Over the next nearly 150 years, Vassar’s history has been preserved, recorded, studied and discussed by countless authors—many of them, like Lossing, themselves part of Vassar’s story and four of them presidents of the college: in 1873, John Howard Raymond (president, 1865-79); in 1914 and 1915, James Monroe Taylor (1886-1914); in 1950, Henry Noble MacCracken (1915-1946); and, in 1972, Alan Simpson (1964-1977). Other contributors are Vassar graduates, such as Cornelia Raymond (Class of 1883) in 1940, Elizabeth Hazelton Haight (1894) in 1914 and 1916, Constance Mayfield Rourke (1907) in 1916, Marion Bacon (1922) in 1940, Dorothy Plum (1922) and Constance Dimock Ellis (1938) in 1961, Elizabeth Adams Daniels (1941) in 1987, 1994, 1996, 2000, 2001 and 2004 and Maryann Bruno (1982) in 2001.
Haight, Rourke and Daniels were also members of the faculty, following in the tradition of faculty and staff historians of the college begun in 1873 by Professor of Natural History James Orton, the founding director, in 1867, of Vassar’s Natural History Museum. This group also includes College Librarian Frances Wood in 1909, Professor of Chemistry Edward Linner in 1984, Professor of History Clyde Griffen in 2000, Professor of Astronomy Henry Albers in 2001, Professor of Art History Nicholas Adams in 2001 and Associate Director of Libraries for Special Collections Ronald Patkus in 2004.

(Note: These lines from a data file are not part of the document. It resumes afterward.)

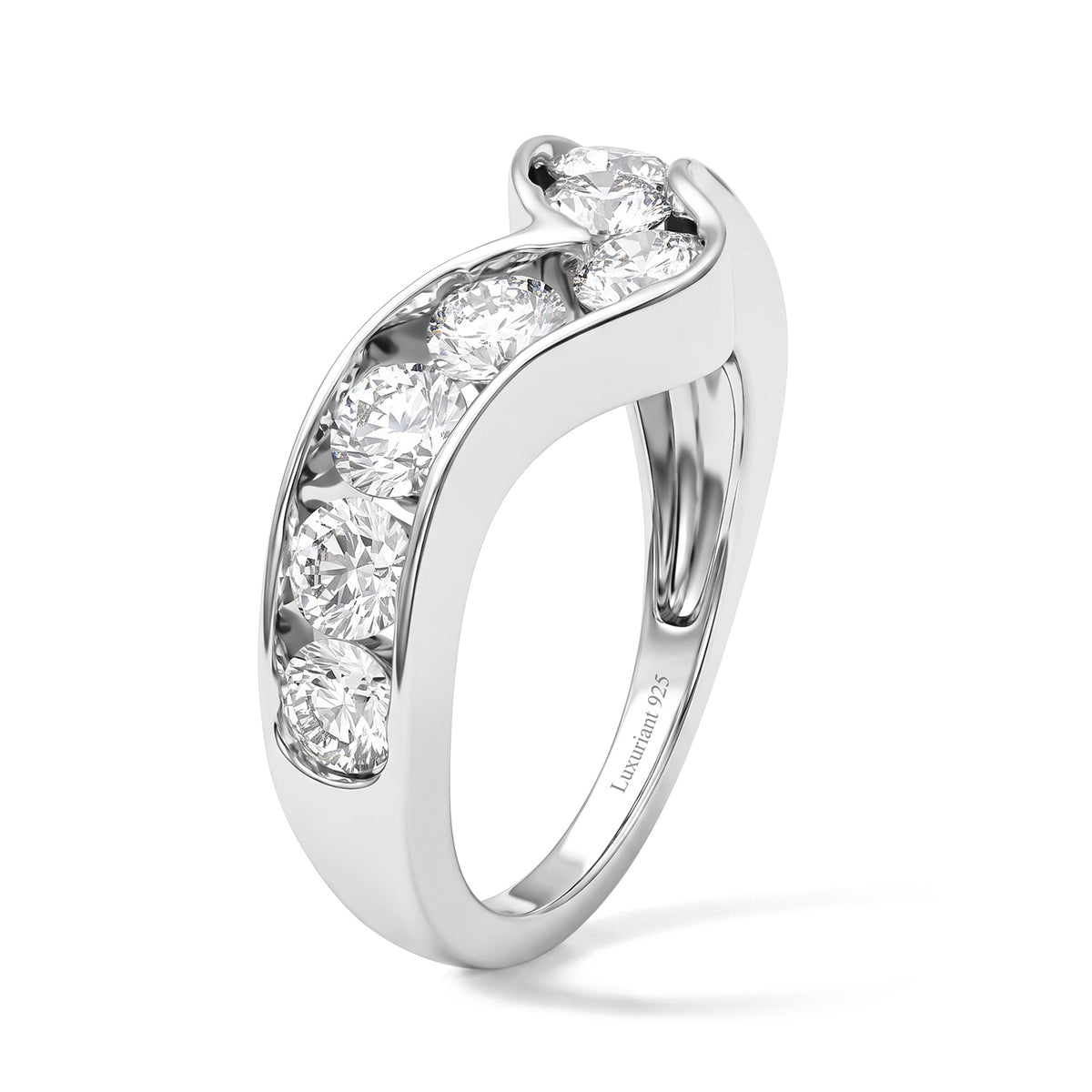 Luxuriant Lab Grown Diamond Ring in Rhodium OverlaySterling Silver  2.000  Ct. 8785030 3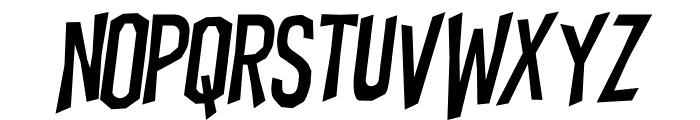Witches Skeletons Oblique Font LOWERCASE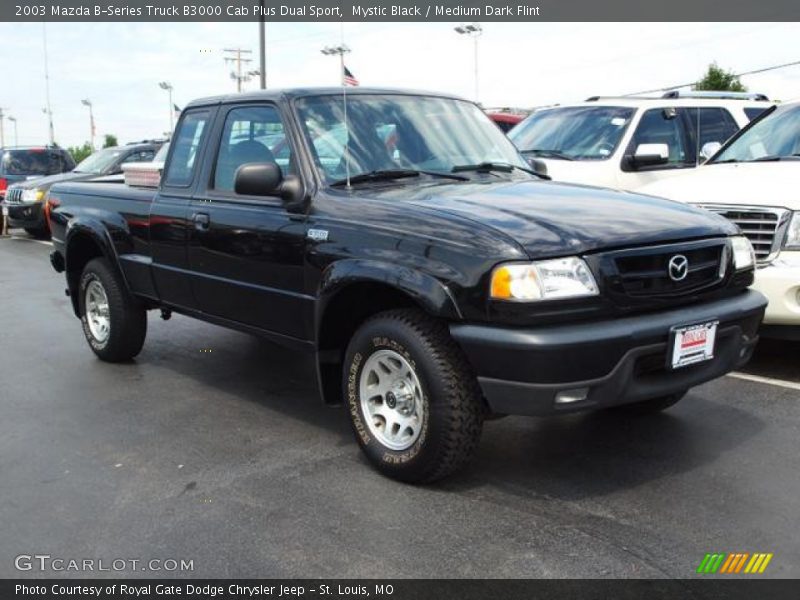 Front 3/4 View of 2003 B-Series Truck B3000 Cab Plus Dual Sport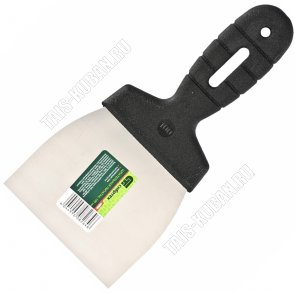 Шпатель 100мм. нерж.сталь,пласт.руч.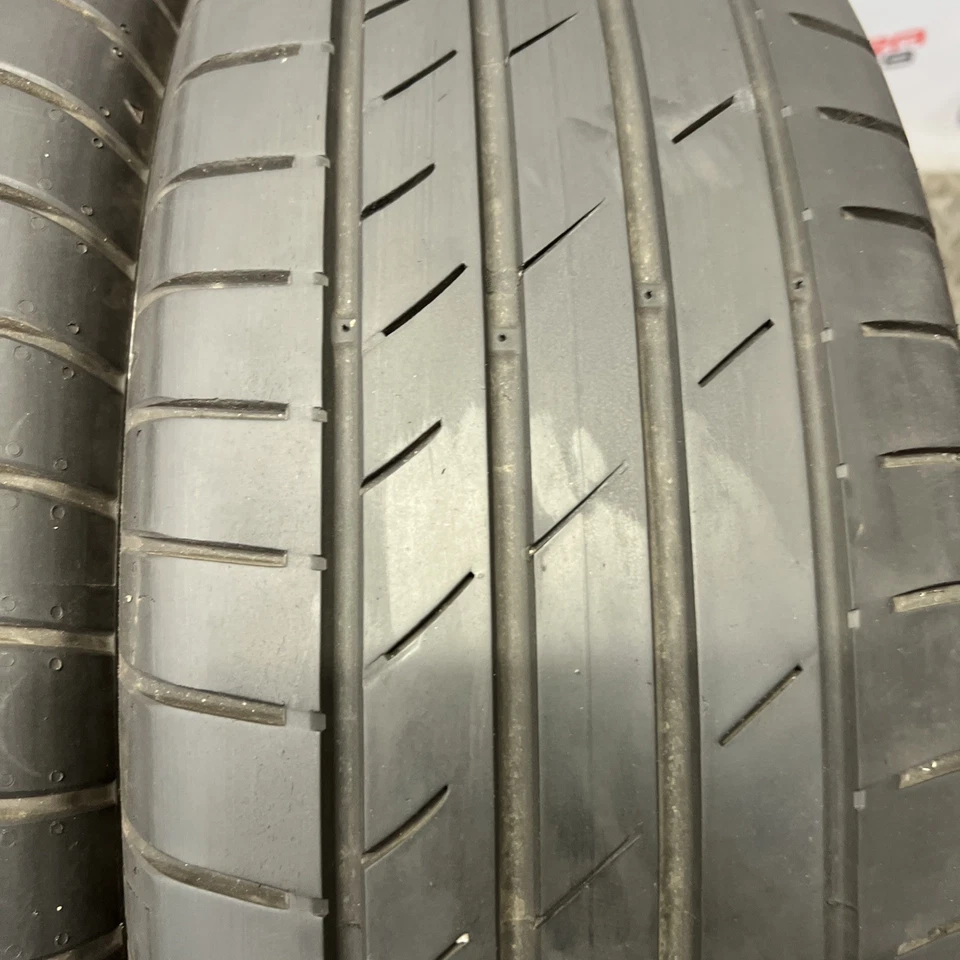 2X 205 60 R16 92V KUMHO ECEST,  Tread 6.1/4.2mm(E6909) Tested - Image 3 of 4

The most prolific of these historians is the first official college historian, Elizabeth Adams Daniels ’41. A long-time member of the English department, a dean several times over and a key creator of the coeducational Vassar that emerged from the unsuccessful proposed merger with Yale in the late 1960s, Daniels began recording oral histories of former faculty and staff and of alumnae in the early 1980s. Retiring from the faculty in 1985— “for a weekend,” as she put it—she proposed the new office to President Virginia Smith on the following Monday, and her proposal was accepted. As Vassar historian, Betty Daniels gathered and conserved significant records which had gone unarchived—and sometimes undiscovered—published several books, answered countless queries from on-campus and outside researchers, spoke on Vassar history at campus, alumnae/i and extramural events and oversaw the work on a wide range of projects of dozens of student interns. Several of these young people, trained in archival work by Daniels, subsequently pursued professional work in the field. The online VCencyclopedia was begun in 2003, and in the college’s sesquicentennial year, 2011, the online Documentary Chronicle of Vassar College revised and expanded The Magnificent Enterprise, a chronicle published in the centennial year, 1961.
In 2006, at the time of Betty Daniels’s acceptance of the “Spirit of Vassar Award” from the Associate Alumnae/i of Vassar College (AAVC), President Frances Fergusson said, “She literally found our history. We wouldn’t have undertaken this work, or even seen the need for it, if it weren’t for Betty.”
Elizabeth Daniels retired from the historian’s office in June, 2013, but the work that Matthew Vassar foresaw, that Frances Fergusson defined and that Betty assumed will continue.